Rozdział 40

– Uratowałeś mnie. – Patrzę na mojego męża, wspomnienie jest tak prawdziwe, tak wibrująco żywe, czuję, że niemal mogę sięgnąć ręką i go dotknąć.

– Słyszałaś to? – pyta gwałtownie. Thomas odwraca się, snop światła latarki skacze po ruinach, ale nie potrafię się skupić.

Z trudem oddycham. Cała się trzęsę i nie rozumiem tego. Jestem bezpieczna. Wydostałam się z grobu. Thomas mnie wyciągnął. Thomas mnie uratował.

Dwadzieścia dwa lata temu odnaleźliśmy się w ciemnościach.

Więc dlaczego serce zamiera mi w piersi w bolesnym uścisku?

– Powiedziałeś mi, żebym została w lesie – mówię cicho. Mówię w próżnię. Thomas zostawił mnie, podszedł bliżej stosu granitowych bloków. Wciąż trzyma w ręku szpadel. Po co go ze sobą wziął? – Powiedziałeś, żebym się ukrywała. I tak zrobiłam.

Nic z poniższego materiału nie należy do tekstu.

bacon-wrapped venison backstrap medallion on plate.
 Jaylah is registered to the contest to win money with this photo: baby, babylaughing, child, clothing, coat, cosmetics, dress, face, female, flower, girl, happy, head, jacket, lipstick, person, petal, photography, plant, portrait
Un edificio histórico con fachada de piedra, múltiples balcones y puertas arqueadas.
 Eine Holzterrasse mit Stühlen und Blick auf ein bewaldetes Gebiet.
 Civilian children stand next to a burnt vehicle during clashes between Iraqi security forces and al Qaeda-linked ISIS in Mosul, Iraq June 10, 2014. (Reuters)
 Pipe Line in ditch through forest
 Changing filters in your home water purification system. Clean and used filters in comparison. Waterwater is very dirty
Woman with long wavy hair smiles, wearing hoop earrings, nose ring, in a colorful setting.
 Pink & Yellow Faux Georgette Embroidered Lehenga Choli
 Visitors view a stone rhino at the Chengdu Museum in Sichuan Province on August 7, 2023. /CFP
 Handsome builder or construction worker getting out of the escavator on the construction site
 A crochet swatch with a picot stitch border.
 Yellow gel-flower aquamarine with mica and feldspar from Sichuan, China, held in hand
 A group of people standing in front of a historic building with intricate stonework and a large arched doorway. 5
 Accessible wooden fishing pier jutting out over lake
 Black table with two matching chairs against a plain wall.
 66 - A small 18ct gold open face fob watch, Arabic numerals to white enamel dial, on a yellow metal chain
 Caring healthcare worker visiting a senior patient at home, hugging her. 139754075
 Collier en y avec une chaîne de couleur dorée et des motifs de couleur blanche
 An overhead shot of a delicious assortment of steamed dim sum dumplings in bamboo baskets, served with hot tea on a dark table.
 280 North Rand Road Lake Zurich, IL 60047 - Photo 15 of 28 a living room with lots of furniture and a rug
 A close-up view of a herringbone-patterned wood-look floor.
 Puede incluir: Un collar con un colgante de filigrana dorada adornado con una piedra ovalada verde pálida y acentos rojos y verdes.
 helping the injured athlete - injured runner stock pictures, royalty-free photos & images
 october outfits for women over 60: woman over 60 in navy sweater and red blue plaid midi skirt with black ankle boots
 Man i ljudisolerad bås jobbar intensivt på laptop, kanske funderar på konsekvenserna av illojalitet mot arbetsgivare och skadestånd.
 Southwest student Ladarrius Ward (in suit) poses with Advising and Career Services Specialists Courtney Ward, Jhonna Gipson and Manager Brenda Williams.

Dociera do mnie. Powoli. Niczym szept. Wiatr wiejący w policzek.

– Dym. – Zwracam się do męża. – W powietrzu czuć dym.

Zapach dymu. Żar ognia.

Krzyki.

Dym.

Wyciągam rękę, ale mojego męża znów nie ma. Stoi zbyt daleko, latarka drży mu w dłoni.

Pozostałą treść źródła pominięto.